Wenn man an das Azorenhoch denkt, sieht man strahlenden Sonnenschein. Die Realität sieht hier aber völlig anders aus. Du musst deinen Tagesplan nach dem Wetter richten. Bloß gut gibt es Karten, Satellitenkarten mit Regen- und Wolkenradar, so dass du eigentlich immer eine Ecke der Insel findest, wo die Sonne scheint.
Leider sind diese nicht immer ganz genau. Früh starteten wir zum Lagoa do Fogo, ein Kratersee in den Bergen. Was sahen wir? Wir sahen nichts. Es brachte nichts, hier oben zu warten, bis sich irgendwann die dicke Wolkendecke verzog. Also fuhren wir wieder runter. Wir schauten nach dem Radar, was sagte, in einer Viertelstunde ist freie Sicht. Oben angekommen, das gleiche Szenario. Dicke, neblige Suppe.
Also zogen wir unverrichteter Dinge fort, entlang von heißen Schwefelquellen und Blumen, die es bei uns beim Floristen gibt (Cala Lilien und Paradiesvogelblumen überall am Wegesrand), an die Küste auf die andere Seite der Insel.
Am wohlsten fühlen wir uns wahrscheinlich in kleinen Parks mit Wasserfällen. Es ist dschungelig. Es gibt immer einen kleinen Wanderweg. Niemand ist hier. Du hörst nur das Plätschern des gigantischen Wasserfalls. Heute mussten wir sogar auf einem Damm lang laufen, um zurückzukommen. War eine rutschige Angelegenheit.
Wir besuchten die Gorreana Tee-Plantage. Tee auf den Azoren? Sehr berühmt. Nebenbei bauen sie auch noch Tabakpflanzen an und verkaufen ihre eigenen Zigaretten. Wir konzentrierten uns auf den Tee. Da gab es genug Kostproben in der Fabrik. Obwohl die Teesträucher zu der Zeit kurz geschnitten sind, war es trotzdem ein wunderschönes Bild: die grünen Hänge und dahinter das Meer.
Für uns ging es zurück auf die südliche Inselseite. Wir hielten in Villafranca do Combo, was für São Miguel schon eine ziemlich große Ortschaft ist. Und es ist alles wie ausgestorben. Man kann sich wirklich nicht vorstellen, dass das im Sommer hier anders aussehen soll. Uns ist es schon fast zu ruhig. Als junger Mensch hältst du es bestimmt nicht so häufig hier aus und siehst lieber aufs Festland nach der Lissabon.

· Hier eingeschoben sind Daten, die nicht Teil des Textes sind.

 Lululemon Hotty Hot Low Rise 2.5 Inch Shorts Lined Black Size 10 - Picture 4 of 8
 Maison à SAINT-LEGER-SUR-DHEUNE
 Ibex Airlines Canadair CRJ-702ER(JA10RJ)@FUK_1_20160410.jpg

Die bekannteste Sehenswürdigkeit in den Hängen vor der Ortschaft ist wahrscheinlich die Ermida de Nossa Senhora da Paz. Mit ihren unzähligen Stufen hat sie einen wahnsinnigen Ausblick auf die Küste vor Sao Miguel und den im Meer schwimmenden Vulkan Ilhéu de Vila Franca do Campo - ein gigantisches Naturschauspiel, was ich am besten aus der Vogelperspektive bestaunen lässt.

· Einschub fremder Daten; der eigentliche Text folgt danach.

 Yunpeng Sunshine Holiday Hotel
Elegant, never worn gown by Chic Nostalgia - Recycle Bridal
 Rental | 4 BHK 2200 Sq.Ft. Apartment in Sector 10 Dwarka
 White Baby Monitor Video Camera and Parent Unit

Wir hielten zum Einkaufen und mussten feststellen, dass die Autos auf den Azoren es mit uns nicht gut meinen. Das erste Auto hatte einen Platten. Beim neuen Auto funktionierte die Scheibenwaschanlage nicht, die wir selbst repariert haben. Und nun geht auch der Schlüssel nicht mehr. Naja, wenigstens kann man bei aller Technik noch den Schlüssel manuell ins Schloss stecken. Aber man muss da sagen, das sind die modernsten Mietautos, die wir jemals hatten. Rückfahrkamera, Navigationssystem, aller Schnickschnack, den man braucht oder nicht braucht.
Ein Blick in die Berge sagte uns, jetzt ist der Moment gekommen, wir können zum Aussichtspunkt des Lagoa do Fogo. Wir rasten über grüne Felder vorbei an Kuhherden hinauf auf fast 900 Meter Höhe und da lag er vor uns, der wunderschöne grünliche Vulkansee, eingehüllt in Nebelschleier.
Die Aussicht von hier oben ist wirklich gewaltig. Du bist in der Mitte der Insel und hast einen fast 360-Grad-Blick auf den Ozean. Sao Miguel liegt dir hier oben zu Füßen und sieht irgendwie lustig aus, denn überall ragen kleine Vulkankegel empor, so ähnlich wie die Pocken an Schiffsrumpfen.